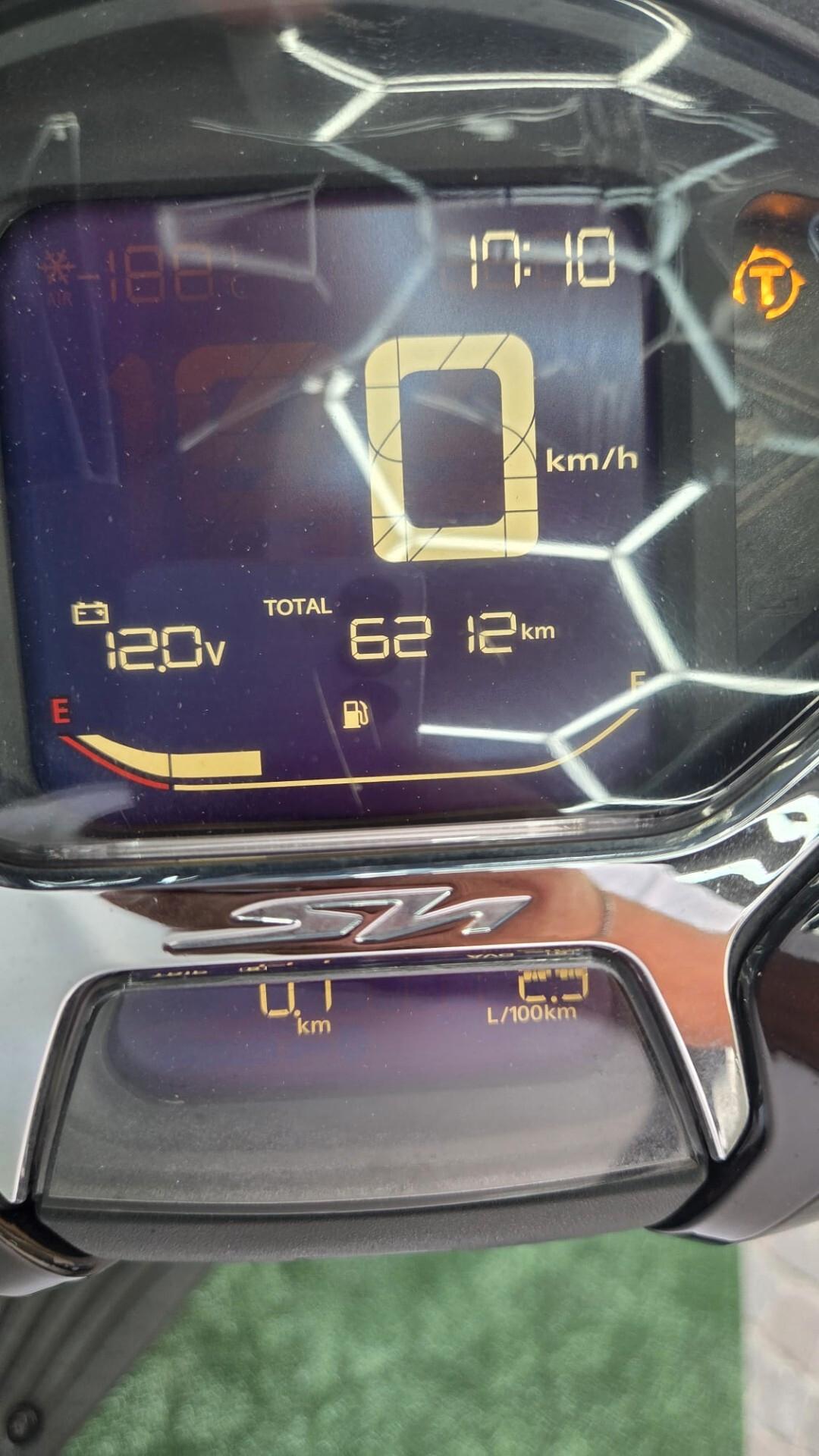 Honda SH 125
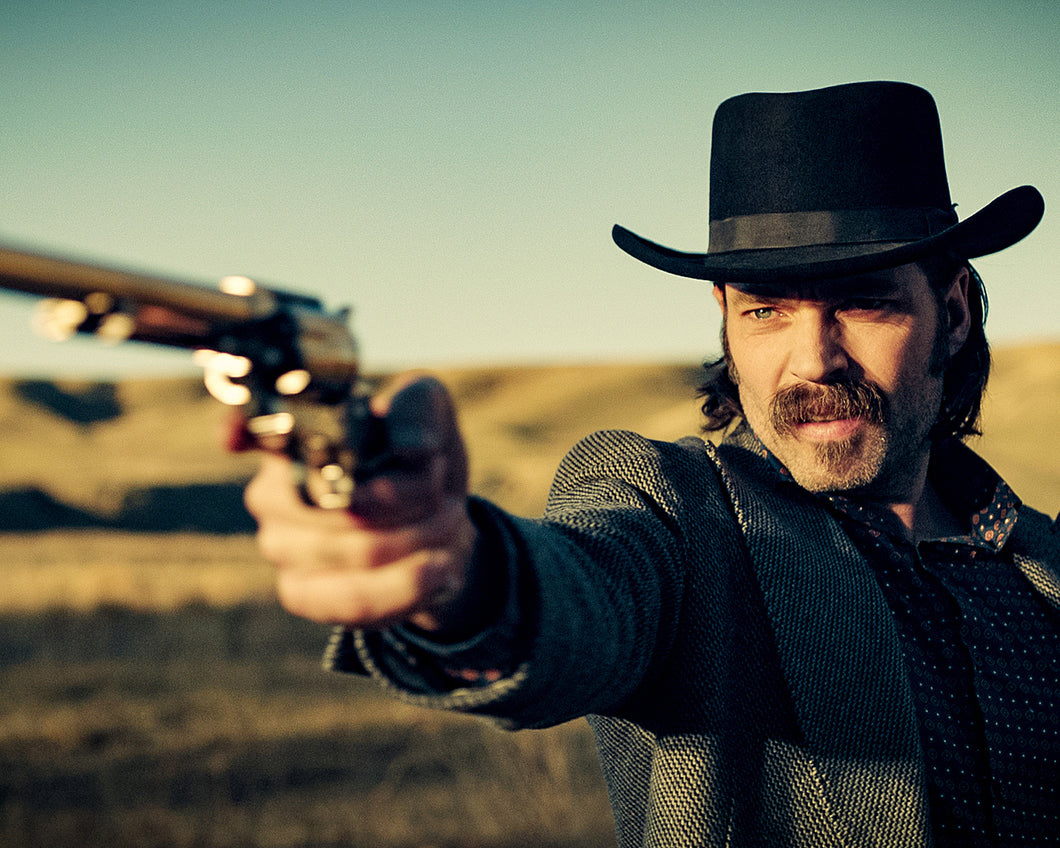 Tim Rozon Autograph - Wynonna Earp
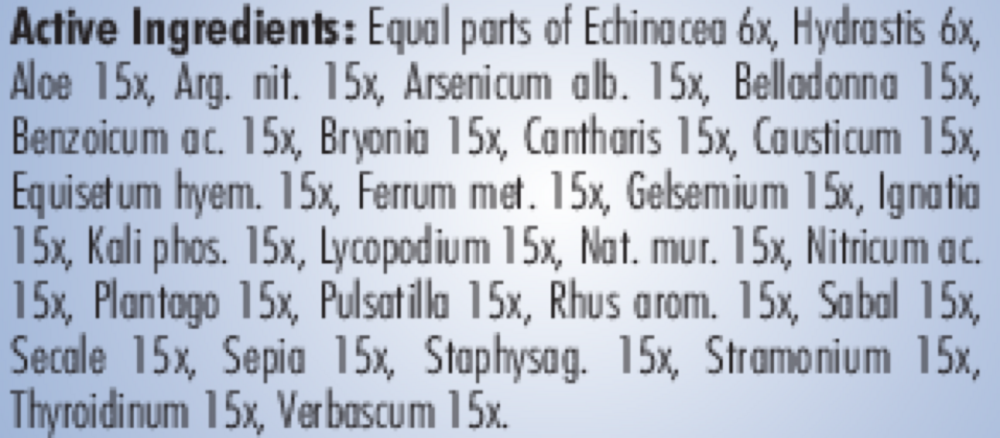 Product image for Incontinence.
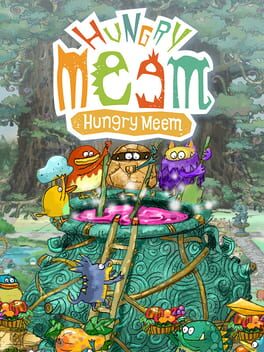 Hungry Meem Cover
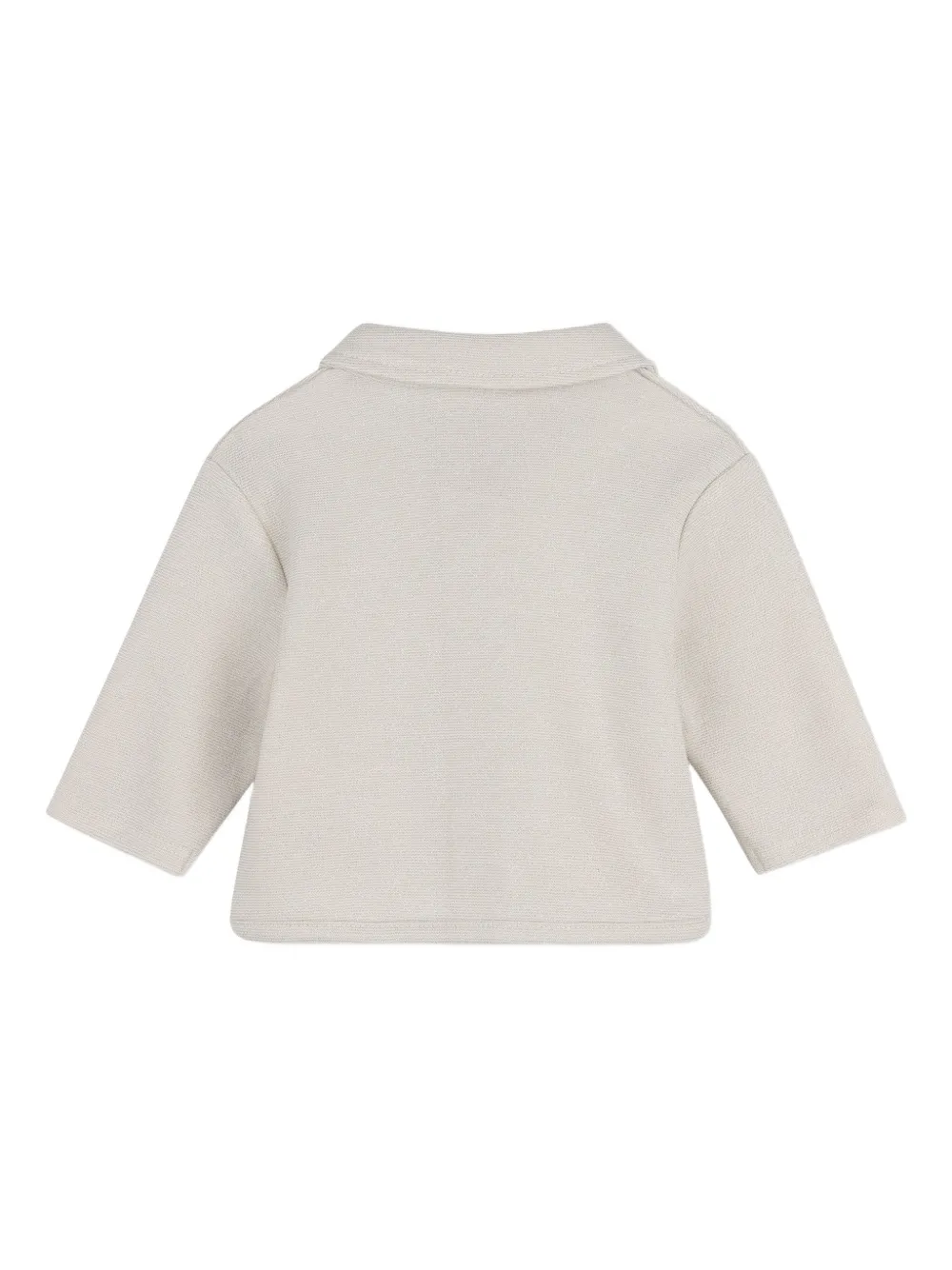 Michael Kors Kids Elastische rok set Beige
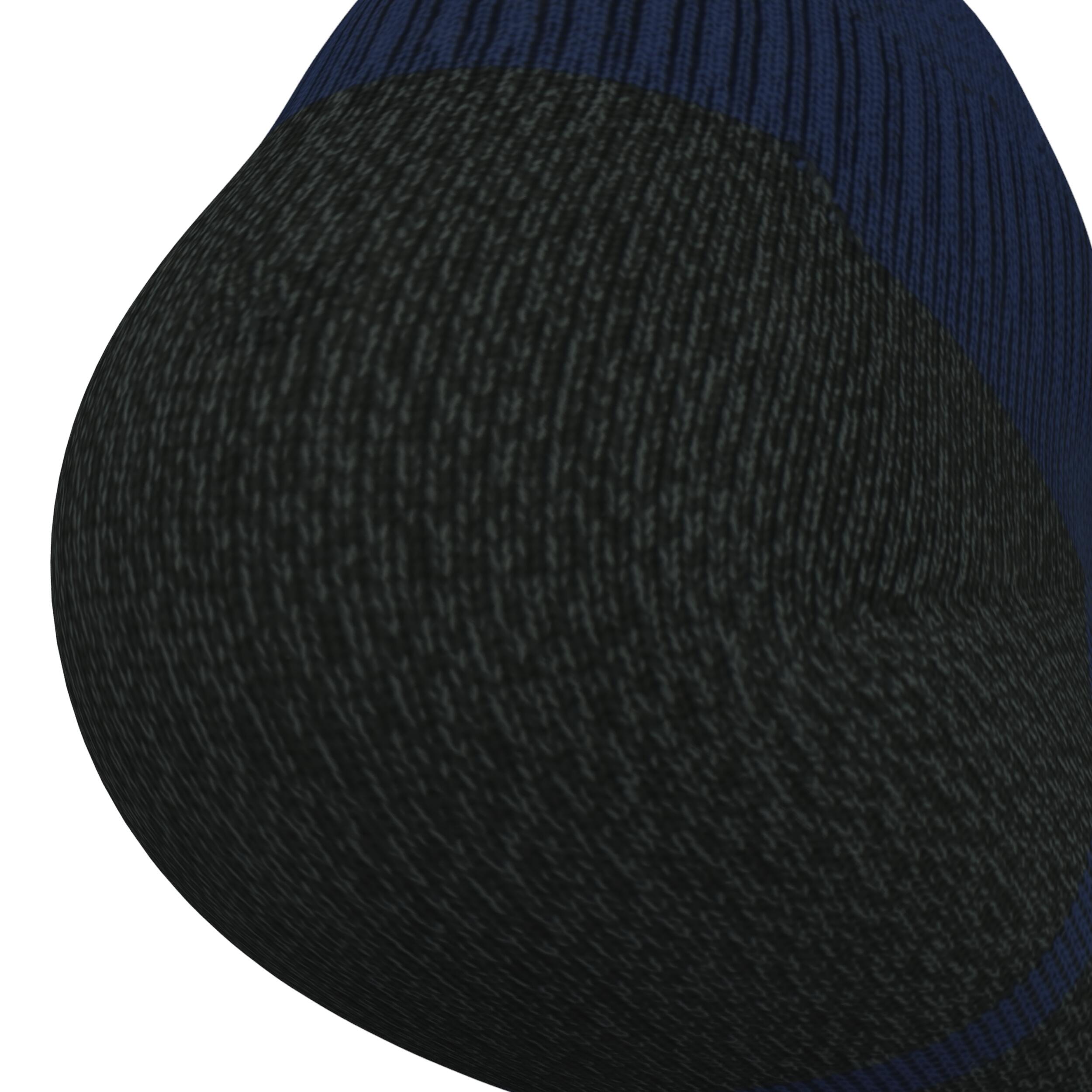 RUN900 INVISIBLE FINE RUNNING SOCKS - BLUE 6/9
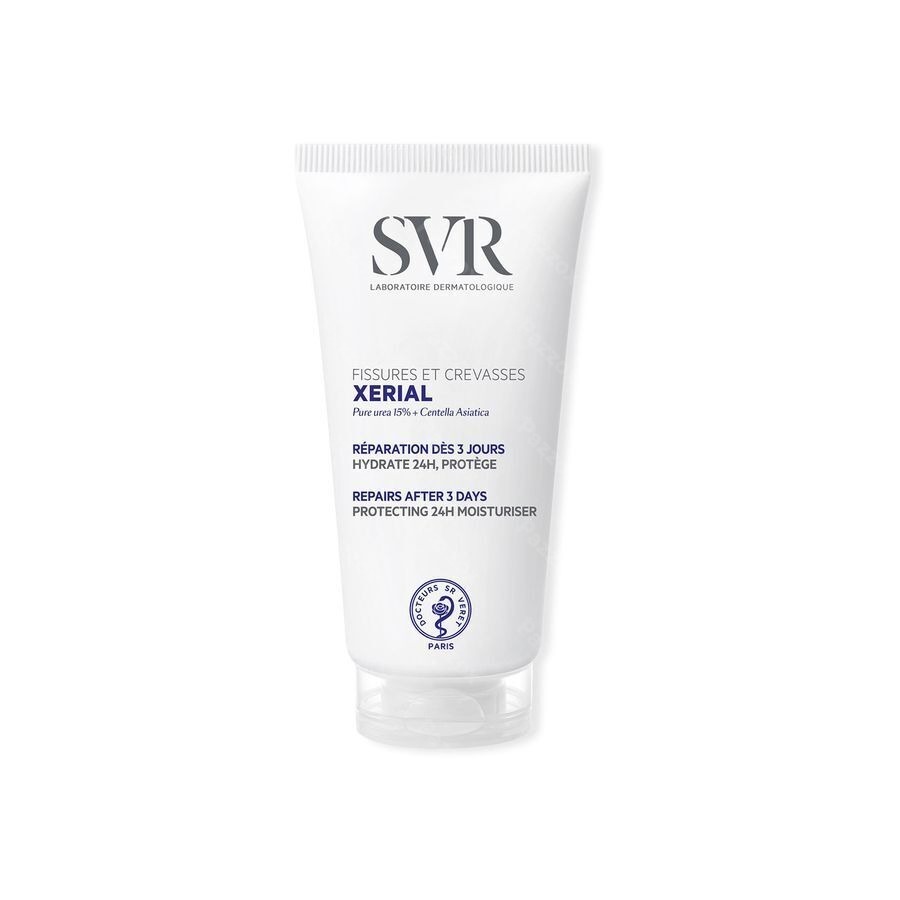 SVR Xérial Fissures et Crevasses 50ml
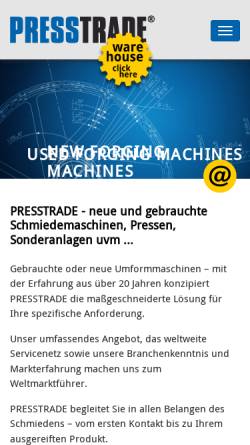 Presstrade Pressenhandel GmbH
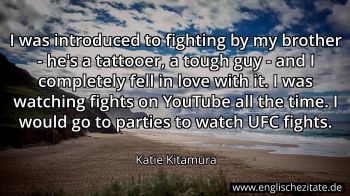 Englisches Zitat von Katie Kitamura als Bild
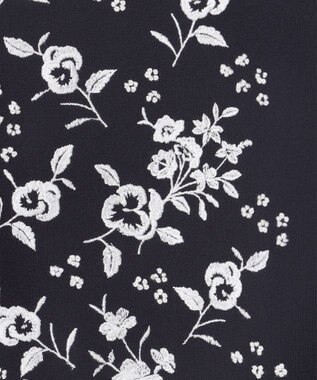 TOCCA 【キャンセル分販売！】【洗える】Queen Necklace Knit カーディガン ネイビー系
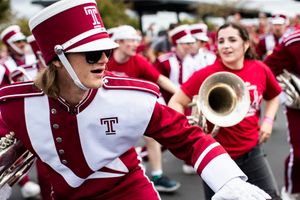 Image post by @TempleAlumni on Twitter/X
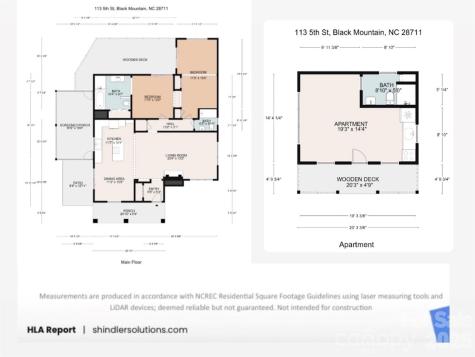 113 5th Street Black Mountain NC 28711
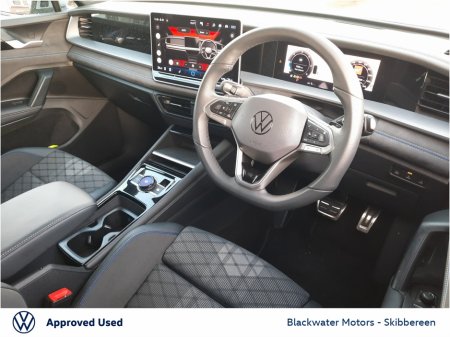 2025 Volkswagen Tayron - thumbnail 8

» **ACTIVITY**: Begin at the first line of the data above and repeat each line exactly, stopping after the line containing "113 5th Street Black Mountain NC 28711". Omit the pictures.

» **RESPONSE AREA**:
 Honda SH 125
 Tim Rozon Autograph - Wynonna Earp
 Product image for Incontinence.
 Hungry Meem Cover
 Michael Kors Kids Elastische rok set Beige
 RUN900 INVISIBLE FINE RUNNING SOCKS - BLUE 6/9
 SVR Xérial Fissures et Crevasses 50ml
 Presstrade Pressenhandel GmbH
 Englisches Zitat von Katie Kitamura als Bild
 TOCCA 【キャンセル分販売！】【洗える】Queen Necklace Knit カーディガン ネイビー系
 Image post by @TempleAlumni on Twitter/X
 113 5th Street Black Mountain NC 28711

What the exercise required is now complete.